New house means new neighborhood. New neighborhood means new things. It’s not that far from the old neighborhood and the old things or any of the previous Gyeongju things (I, II, III, IV, V, VI, VII, VIII).
I’ve passed this smokestack before and forgotten it. I tried to take a picture of it once and gave up when it turned phooey. The images above aren’t even close to getting it right, but I really like the B & W hero image (top). I plan on taking more pictures of it as we go through the end of the year and into the winter. I think once the wet summer air finishes and things get drier and the skies cooler it’ll be more contrasty and I’ll get better shots.
It appears I can get my Apple products fixed nearby. Just the gadgets, not the computers. Our iPad may need this as the years wear on. Then there’s the laundry (right); it’s looks like they do blankets and towels, but those driers have me thinking bigger things and plotting a little.

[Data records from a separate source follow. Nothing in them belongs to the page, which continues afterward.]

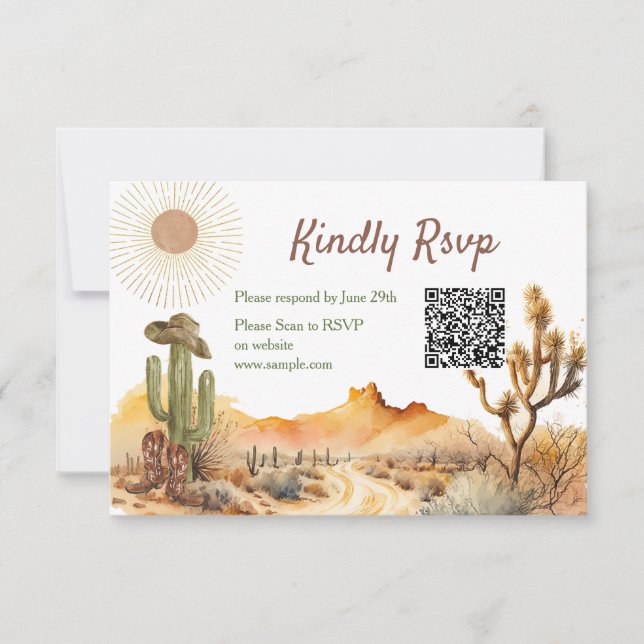 De Remerciements Comment L'Occident Était Une Carte Rsvp Cowboy Qr  (Devant)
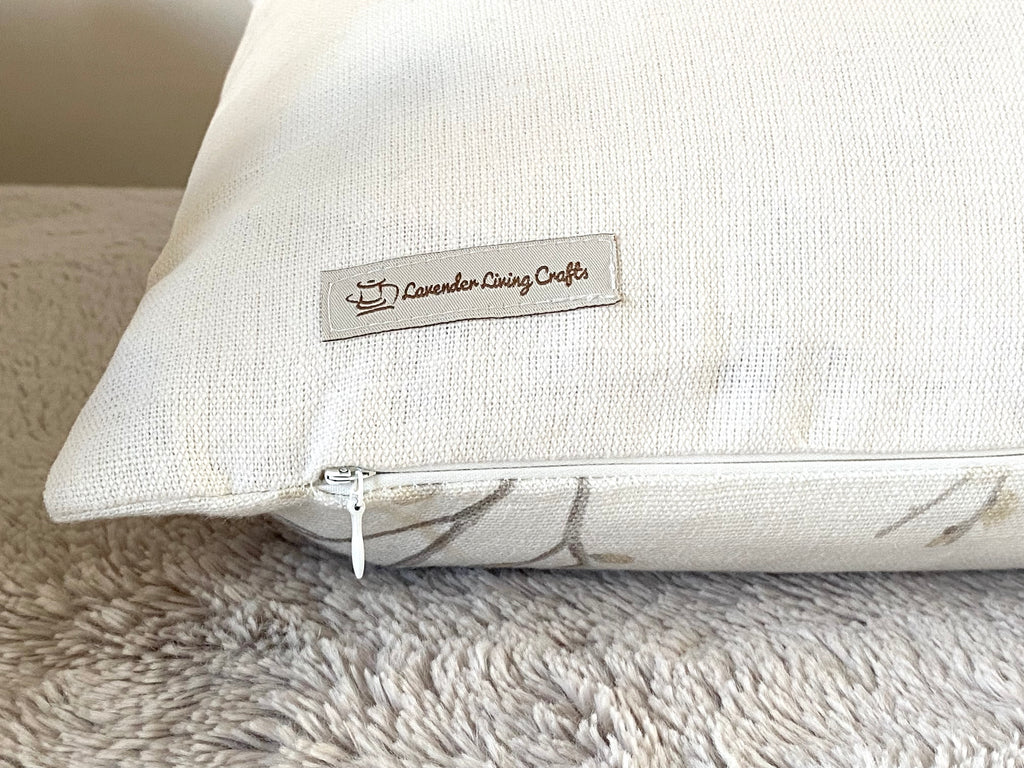 Laura Ashley Pussy Willow Dove Grey Cushion, Off White Dove Grey backed in Laura Ashley Austen Fabric, Handmade with a Zip Fastening, 16"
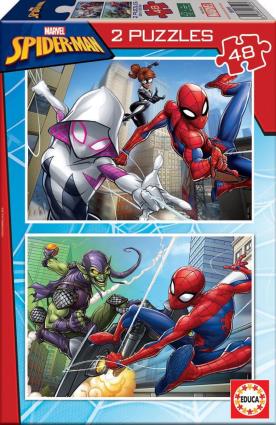 Puzzle Duplo 48 peças Spiderman Marvel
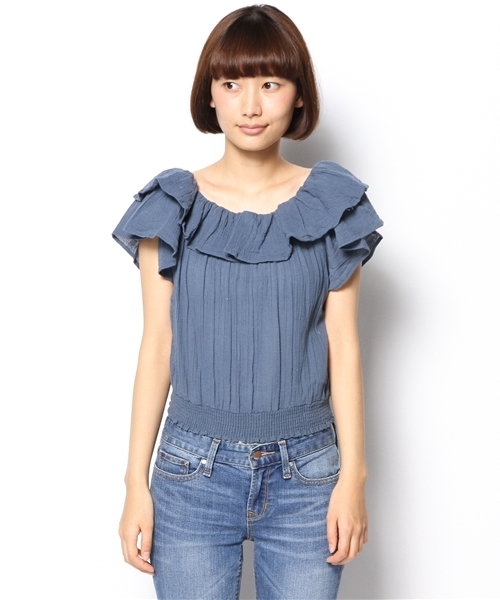 Kastane（カスタネ）の「【Kastane】衿フリルブラウスムジ（シャツ/ブラウス・レディース・ネイビー/オフホワイト・FREE）」の10枚目の写真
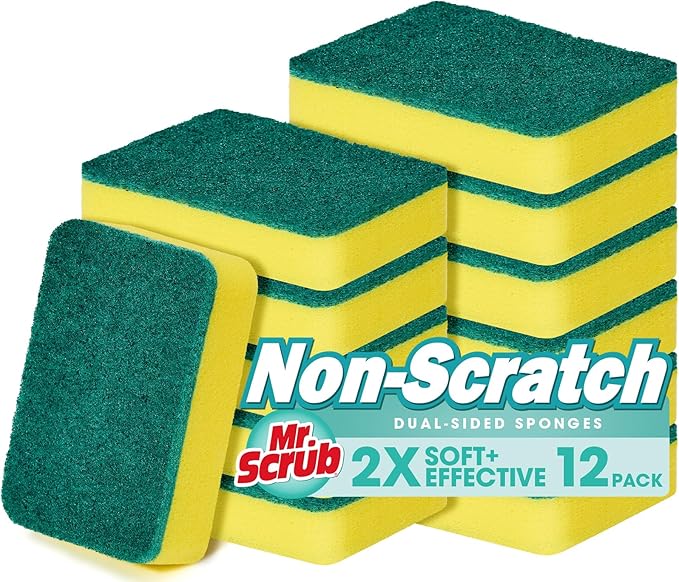 Mr. Scrub Sponges Kitchen Scrub Dish Sponge Scouring Pad, 12 Pack Cleaning Brush Scrubber Supplies for Soap, Dishwashing Dinnerware Sets Pan Pot Towels Cloth Rags Holder Glass Dishwasher Sink Bathroom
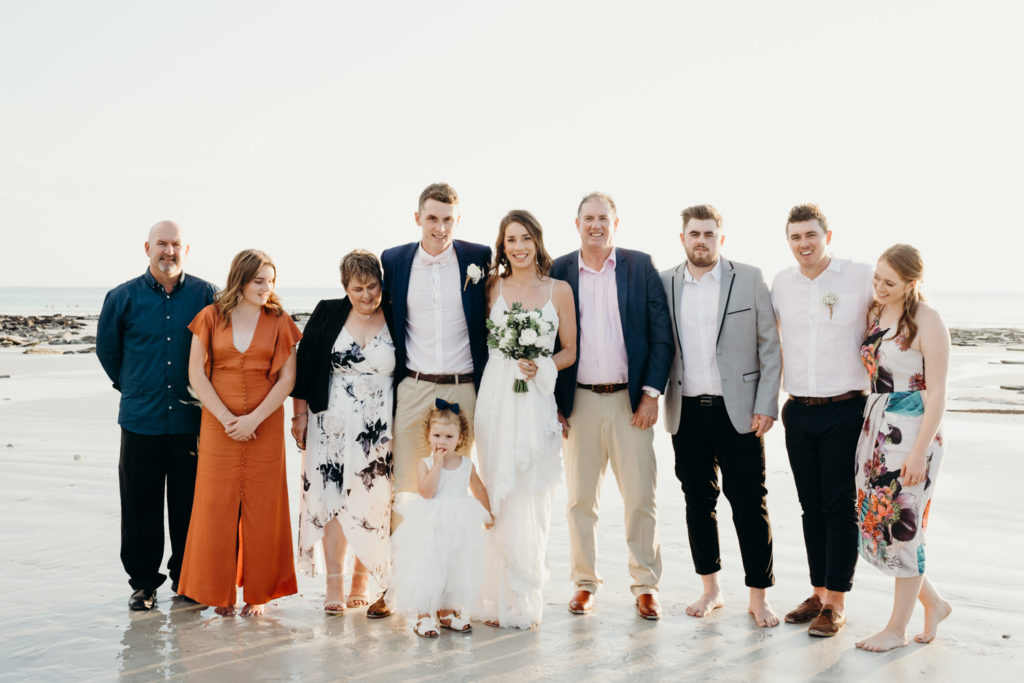 family photo on Cable Beach at wedding in Broome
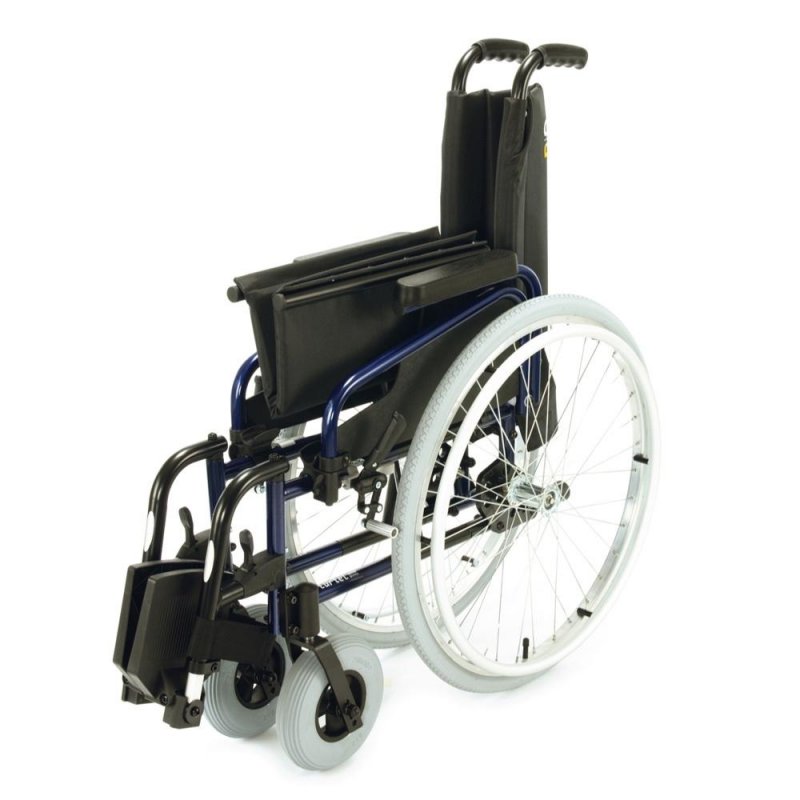 Invalidní vozík odlehčený pro amputáře PLURIEL—Barva modrá metalíza, šířka sedu 42cm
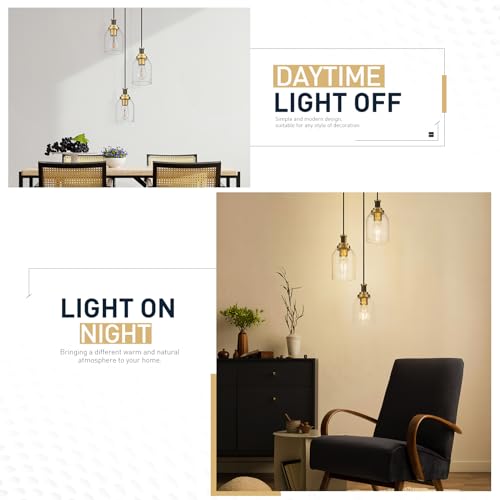 Image of zeyu 3-Light Pendant Light Fixture, Modern Cluster Pendant Lighting, Hanging Light Fixture for Kitchen Island, Clear Glass Shade, Black and Gold Finish, ZG33-3 BK+BG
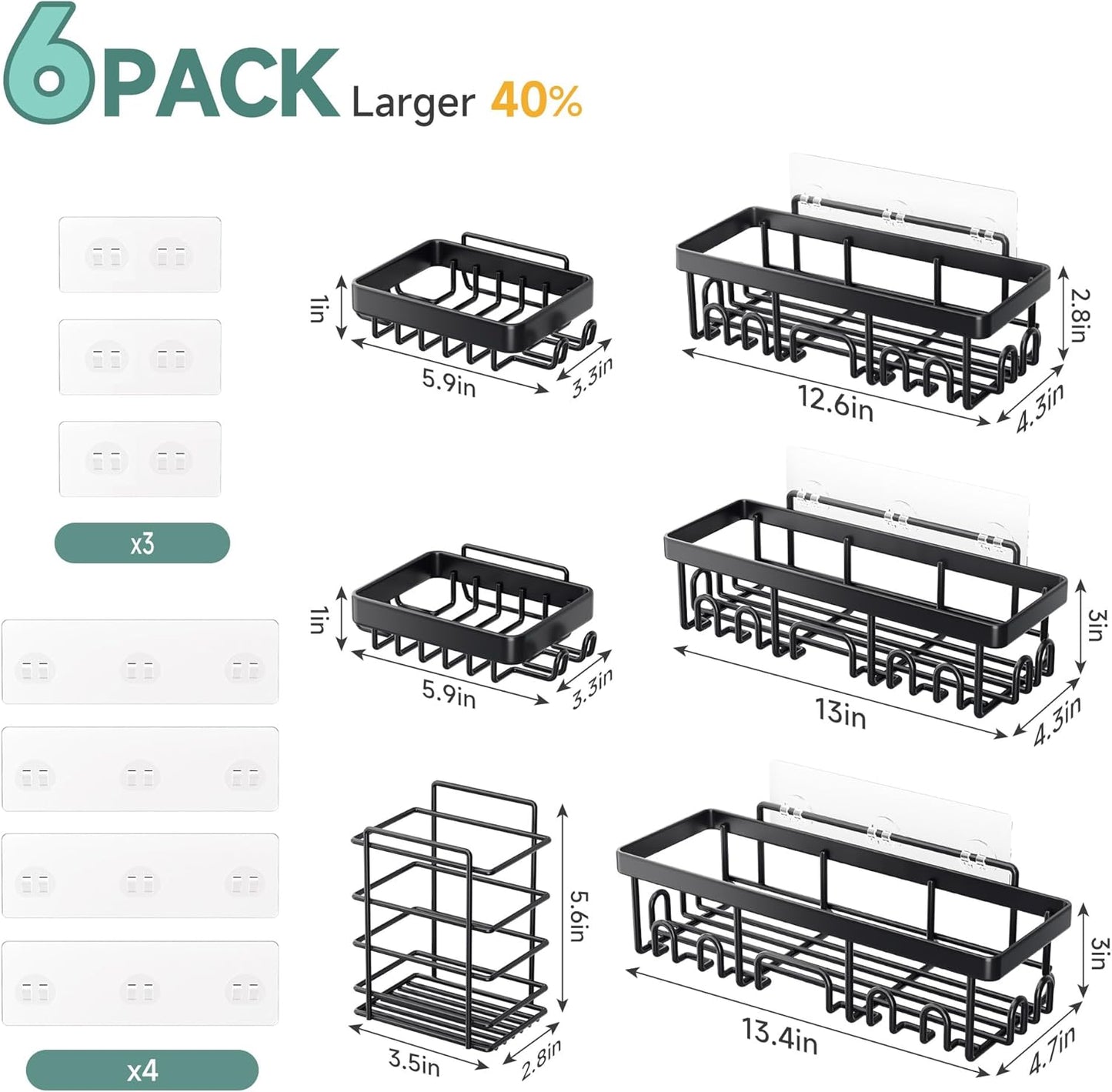 Shower Caddy 6-Pack, No Drilling Adhesive Shelves, Rack with Soap Holder,  Organizers and Storage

As always with Gyeongju, there is a bulk of colors and patterns about. Sometimes I think all this was in Seoul and I was too busy to see it or I just didn’t notice. Then I think Seoul really didn’t have this much color. Some splotches here and there, some glam in this neighborhood or that one, but on the whole the city was/is rather drab. It’s not Seoul’s fault that it has no pizazz, that it’s downscaled houses, some of which are upscaled and made to be more, still sit, positioned against the stacks and clusters of clutch upon clutch of people. No, Seoul missed something in its rush to become larger than life, a hub of Asia, as it were.
I would never go far, near the edge of tacky and say that Seoul has no soul, but, I do think Gyeongju has a bit more than Seoul could ever have hoped to have, in the past, the present, and likely the future as well.